With more hands to prospect, other veins were found and new mines opened.
Mines and More Mines Around a Wealthy City
San Barnabé was followed by Raias. Certain mines originated respective neighborhoods: Cata, La Pastita, San Luisito and Valenciana.
The pioneer mine, that of San Barnabé, produced almost half a millennium, until 1928.
Others, more recent, have proven even more profitable and continue to generate wealth.
This is the case of Valenciana, operational from 1774 and which, until the beginning of the XNUMXth century, produced two thirds of the world's silver.
On one of the days dedicated to Guanajuato, we visited it. Contrary to expectations, the short trip is made up the slopes, towards the northern top of the city, where the houses almost touch the sky.
We passed majestic churches, commissioned with funding from the families that owned the mines, in gratitude to the divine for their good fortune.
Here, the church stands out. churrigueresque (Mexican Baroque style) of La Valenciana, built in the XNUMXth century next to the opening of the homonymous mine.
With its right tower still unfinished, unlike the walls and the bastion that, further down, made it possible to defend the wealth from the bandits.

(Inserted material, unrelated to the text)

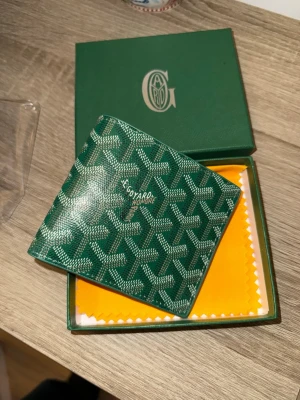 Grön lyxig plånbok med mönster - Snygg grön plånbok från G med deras ikoniska grafiska mönster på utsidan. Plånboken är i skinn och har flera kortfack samt plats för sedlar. Perfekt accessoar för dig som vill sticka ut med något exklusivt och stilrent.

We descend to a depth of 70m from one of the wells. There we felt the claustrophobic atmosphere in which around 3500 indigenous people were kept working, sometimes for more than fifteen hours a day.
As explained by the guide Edgar, precious metal veins and open mines appeared all over the place.
Not all excavations in the city were made for the direct reason of gold and silver.
Guanajuato, the City of Tunnels
Guanajuato is based on an extensive and intricate network of old tunnels, with almost 9 km, if you add the lengths of El Pípila, El Minero, La Galereña and the rest.
These tunnels were opened for a primary reason: the fulminant rainy season in these parts of Mexico and the floods generated by the thickening of the Guanajuato River.
They form a strange underworld that, in spaces, opens up to the sky and from which houses and buildings with post-colonial legos look emerge again. Guanajuato has all these dimensions and colors.
In almost five hundred years of history and of a wealthy colonization, it hides many more.